Par Super Seven
Doublement mis à l’honneur ce début d’année, avec une rétrospective intégrale à la Cinémathèque Française et la ressortie en salles par Tamasa de La classe ouvrière va au paradis, Elio Petri est de ces cinéastes italiens dont les titres déjà ouvertement politiques le précèdent. Le premier cité est d’ailleurs intégré à la “trilogie des névroses” avec Enquête sur un citoyen au dessus de tout soupçon et La propriété, c’est plus le vol, dont chacune des oeuvres s’attache à l’un des sujets des combats marxistes que Petri soutient (respectivement contre le travail, la police et l’argent). Ce pan de sa filmographie est tout à fait représentatif des obsessions quasi maladives de Petri pour les luttes sociales et les rapports de classes, qui débordent sur sa mise en scène pour donner un cinéma presque enragé, à l’iconographie violente et au discours acerbe.

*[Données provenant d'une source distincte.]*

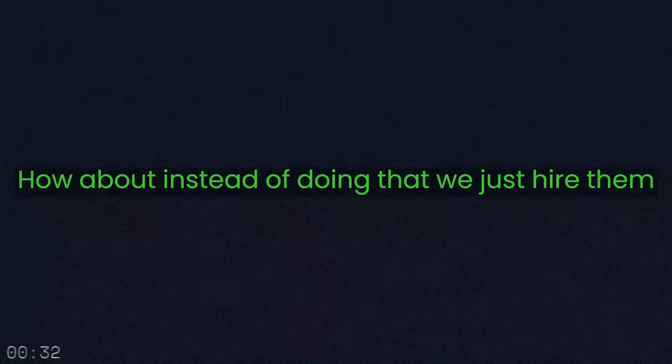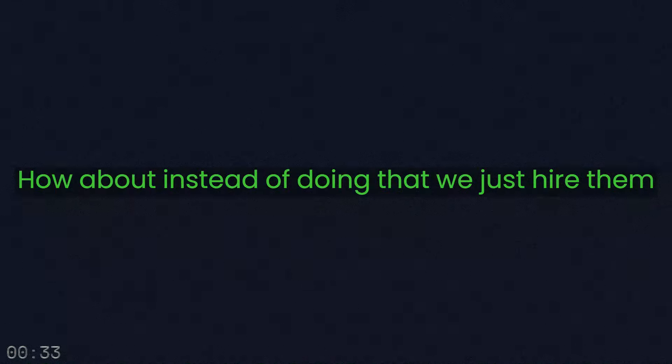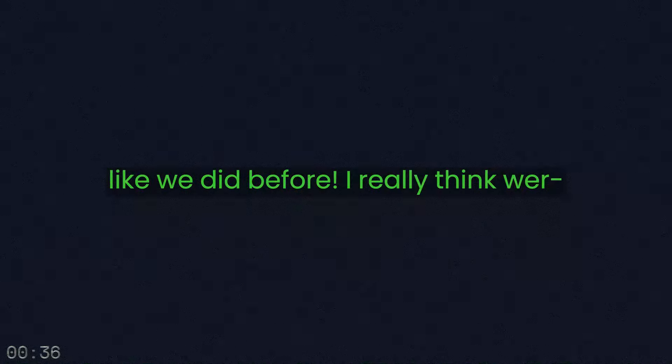How about instead of doing that, we just hire them like we did before? I really think we're— James. You were hired for this. You worked on other experiments. How come you're worried of this one?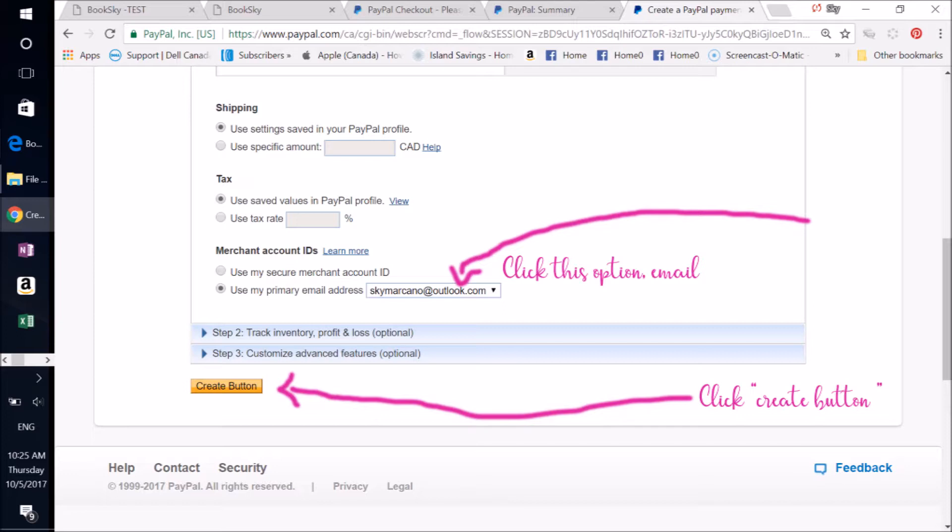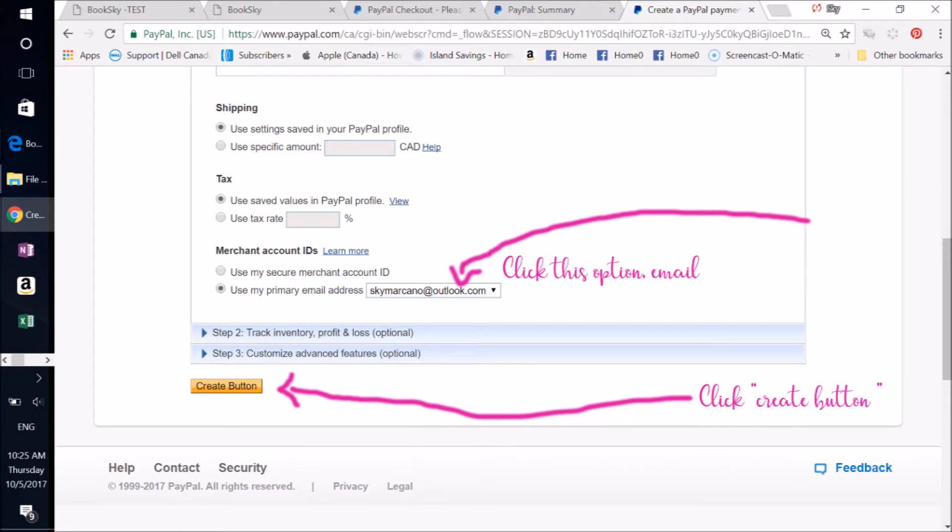I'll show you how to change your taxes and shipping in the next window here. But I want you to click this option, the email. Use your primary email address. I find it's easier and less glitchy. And then click Create Button.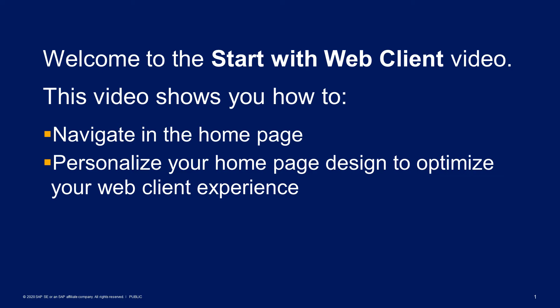Welcome to the Start with Web Client video. This video shows you how to navigate in the home page and how to personalize your home page design to optimize your web client experience.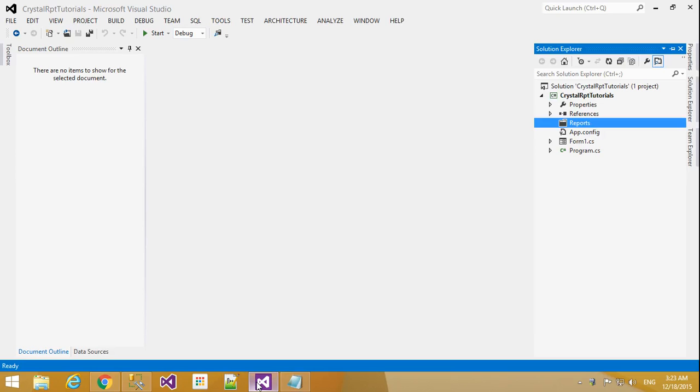Hi friends, this is Vetreveal. In this tutorial I will teach how to create a crystal report. In that crystal report how to add checkboxes.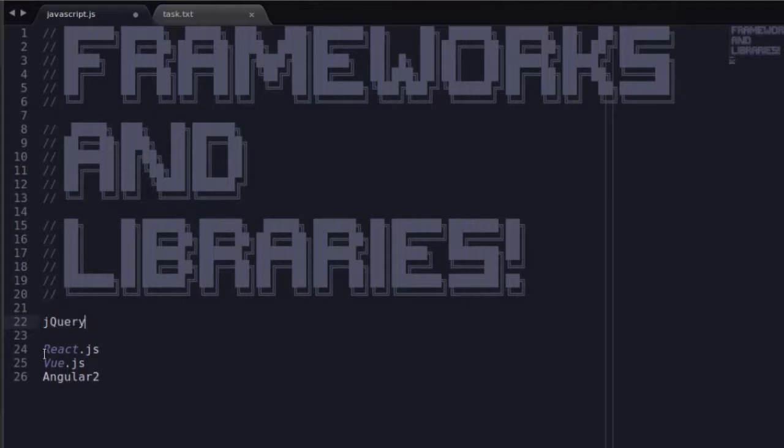But now we have these React developers saying React is so much faster than jQuery. And you know what? They're right. React is faster than jQuery. But you know what? Vue is faster than React. Now that might change depending on when you're watching this video. As of middle of 2017, Vue is faster than React.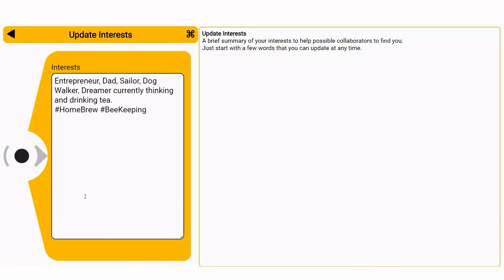The more specific the better on your hashtag as it will be easier to find collaborators with a similar interest.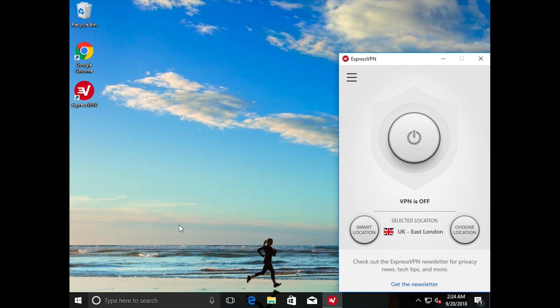Note that network lock is enabled by default when you install ExpressVPN for Windows. However, if you would like to change your network lock settings,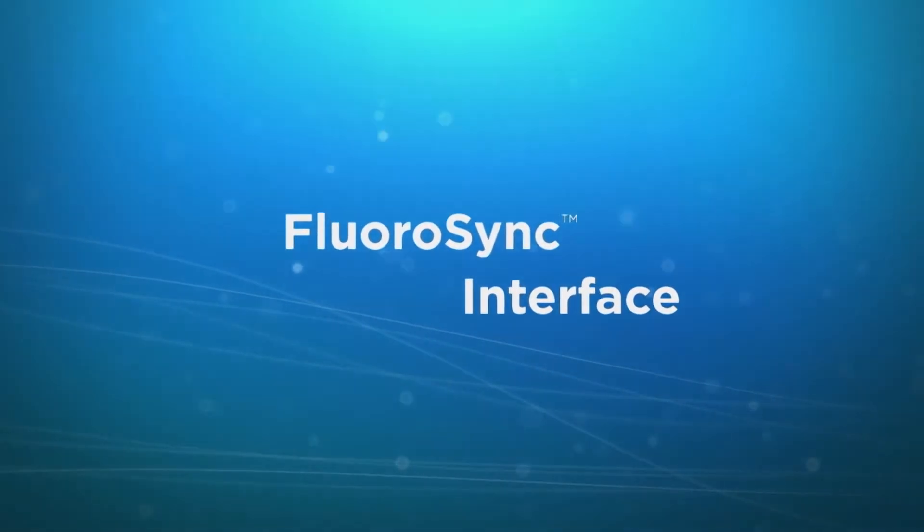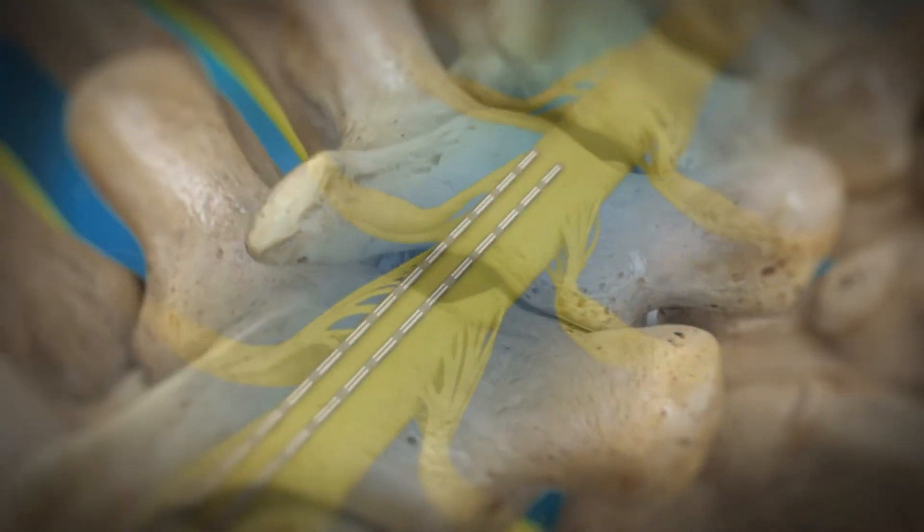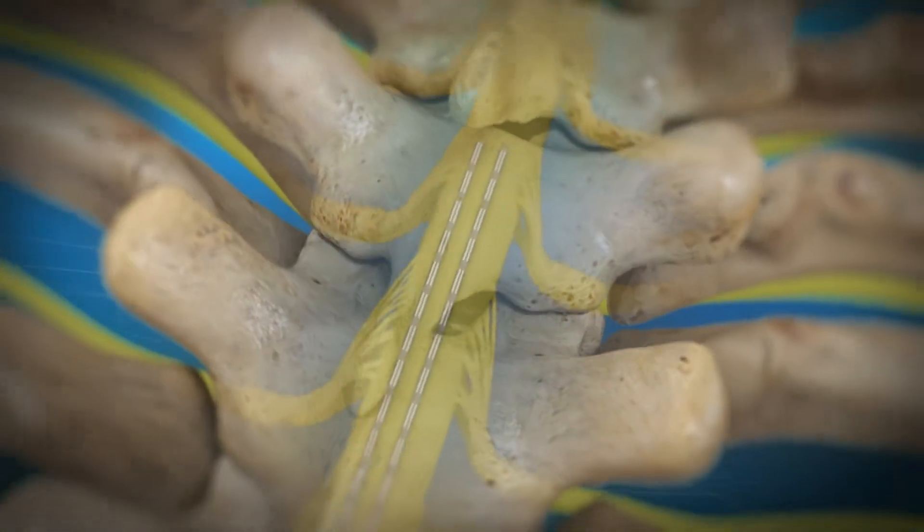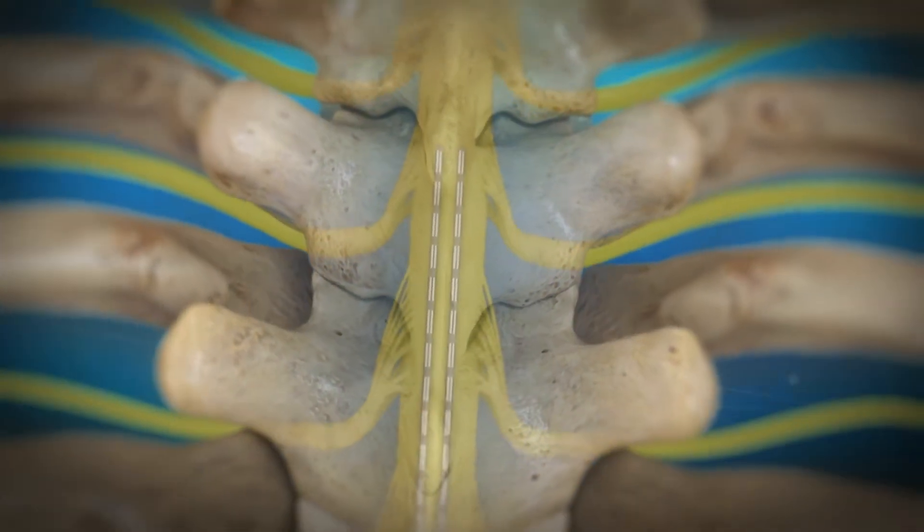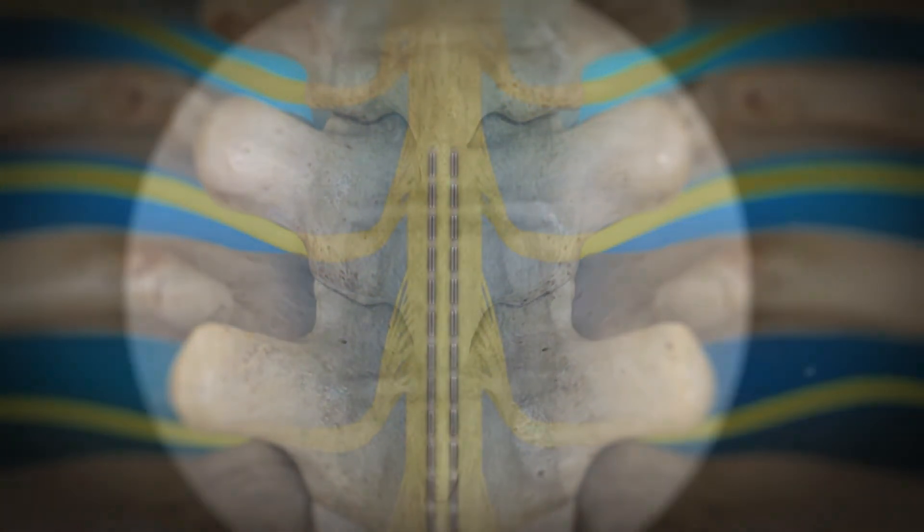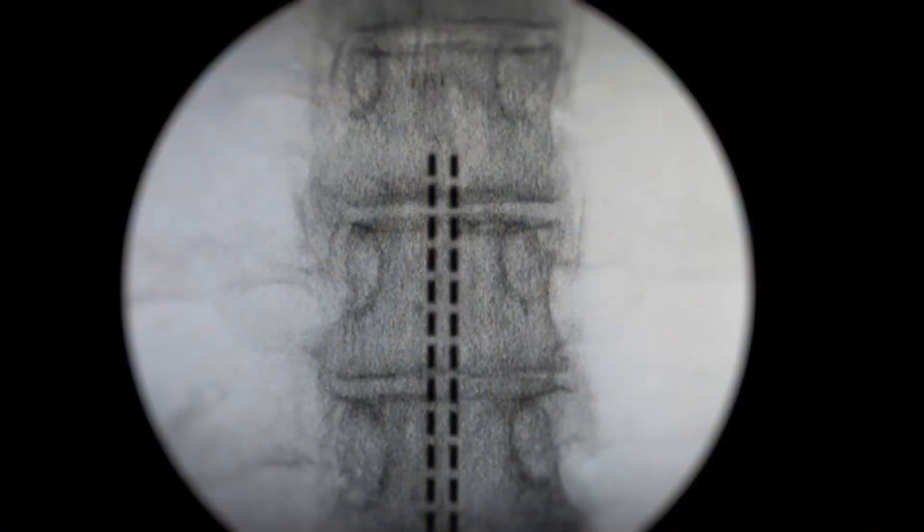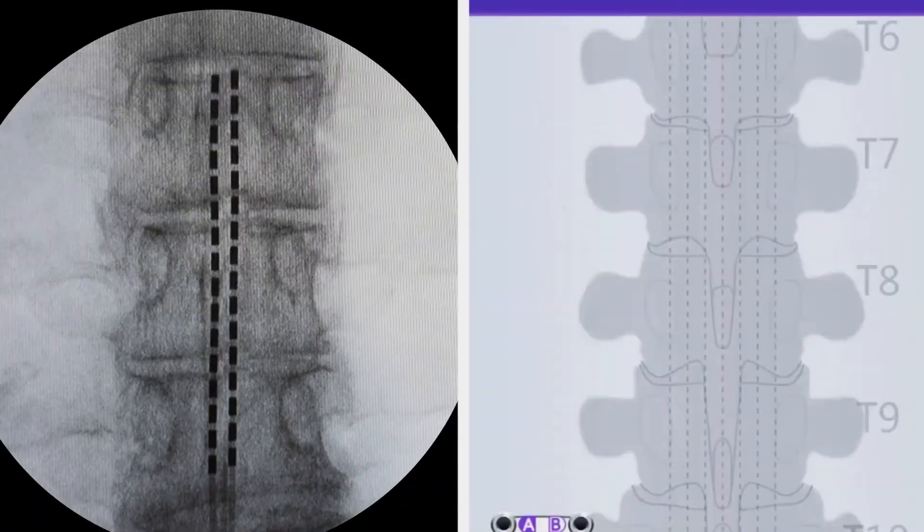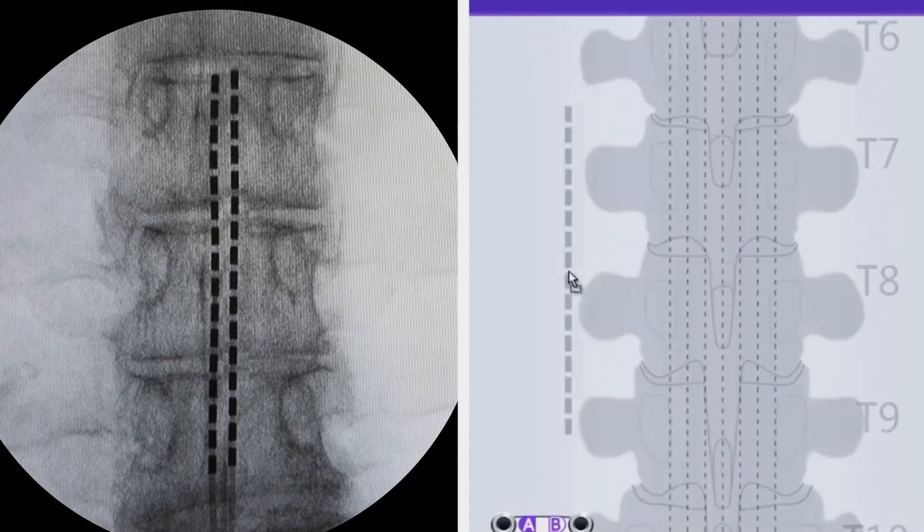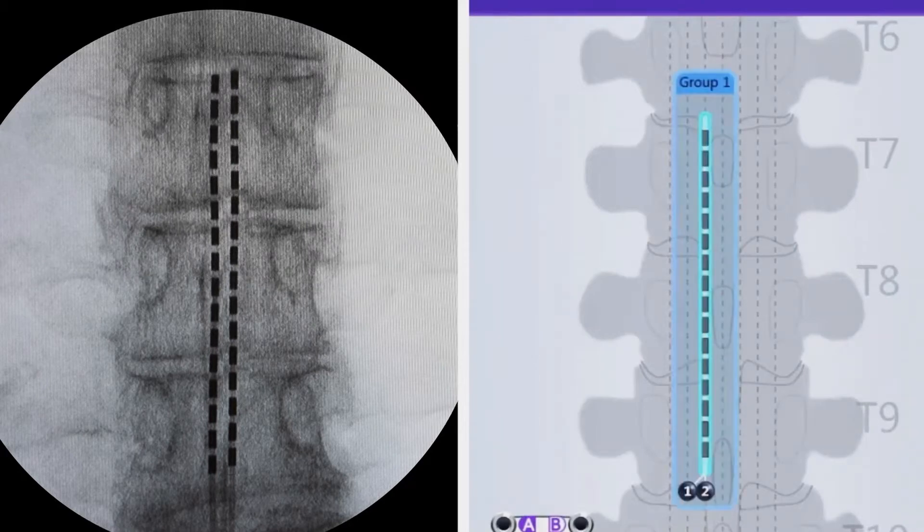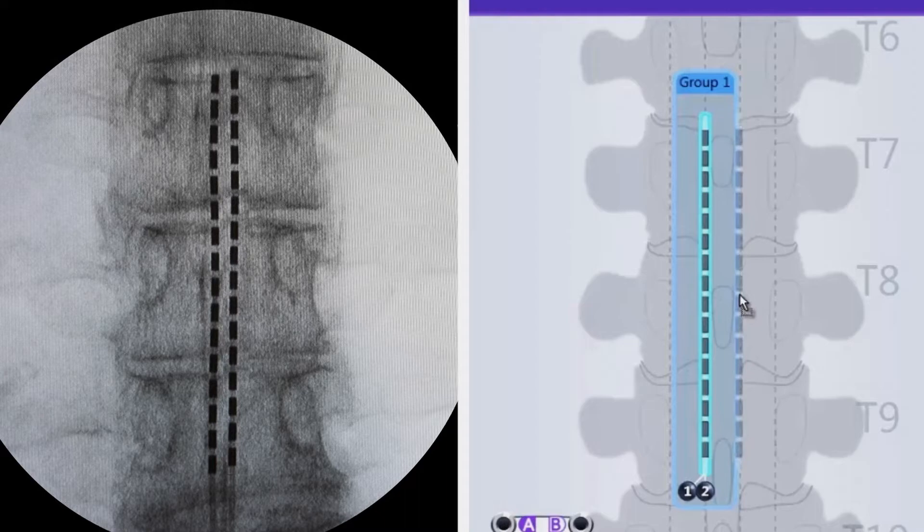Simple and intuitive, the FluoroSync interface allows you to mirror the fluoro in the programming software. Simply select the leads and drag and drop to the appropriate vertebral level and lead position so you can more precisely target the pain.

L’emphase du réalisateur se matérialise très concrètement dans son style démonstratif, entre jeu de montage rapide, musique assourdissante et mouvements de caméra vertigineux pour mieux entrer en collision avec des sujets qu’il n’a que faire de rendre subtils. Une artificialisation du récit retrouvée par exemple dans La propriété, c’est plus le vol, où l’intrigue est jalonnée de discours face caméra des personnages sur un fond noir profond avant que ceux-ci ne soient replacés dans un décor réel via un panotage ou un travelling, les antagonisant tous peu importe leur rôle (du banquier allergique à l’argent au chef d’entreprise cupide en passant par le policier en charge de l’enquête). L’environnement, d’apparence construit autour des personnages, les engloutit totalement et les objets et symboles de possession matérielle (un couteau, des bijoux voire une femme) sont explorés en gros plan, en alternance avec les visages à demi fous des êtres eux aussi filmés de très près. Résulte un cinéma de la pulsionnalité, où il faut se laisser guider par ses affects, en particulier négatifs, mais qui peut parfois perdre en impact auprès d’un spectateur qui n’est ni allié, ni victime des dérives dénoncées (on pense notamment à la réception très tiède accordée à Todo Modo, sorte de film chorale qui tire à vue sur les institutions sans autoriser la moindre ambiguïté sur le caractère corrompu de tous leurs membres). Pourtant, on peut louer le refus permanent de Petri de trahir sa colère, s’entourant ainsi de collaborateurs qui partagent ses idéaux afin de dessiner une carrière parfaitement cohérente.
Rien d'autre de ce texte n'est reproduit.